TASK DESCRIPTION
Copying rule for the data below: pictures stay out, and only the lines from the one with "Olympic Brass - Theme From Romeo and Juliet" down to the one with "Fully Built-Out 5,700", inclusive, are repeated exactly.

-------- PROVIDED DATA

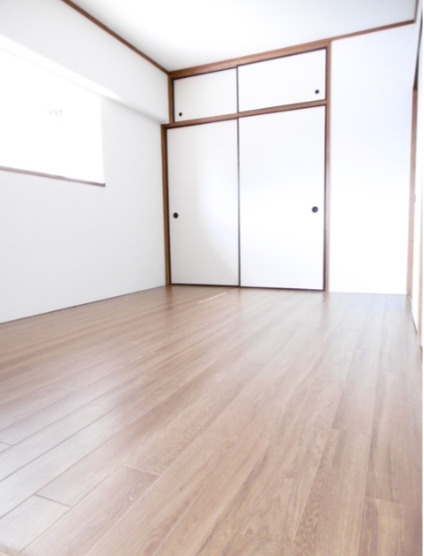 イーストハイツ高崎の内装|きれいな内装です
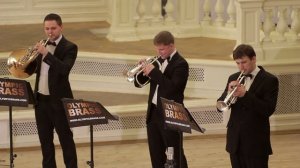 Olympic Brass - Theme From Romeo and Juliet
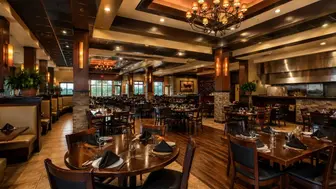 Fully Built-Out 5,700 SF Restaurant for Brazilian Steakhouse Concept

----------------
-------- PROVIDED DATA

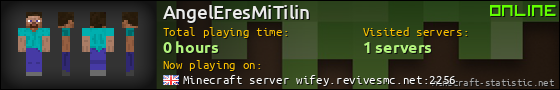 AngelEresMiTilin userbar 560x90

----------------

EXPECTED ANSWER
 Olympic Brass - Theme From Romeo and Juliet
 Fully Built-Out 5,700 SF Restaurant for Brazilian Steakhouse Concept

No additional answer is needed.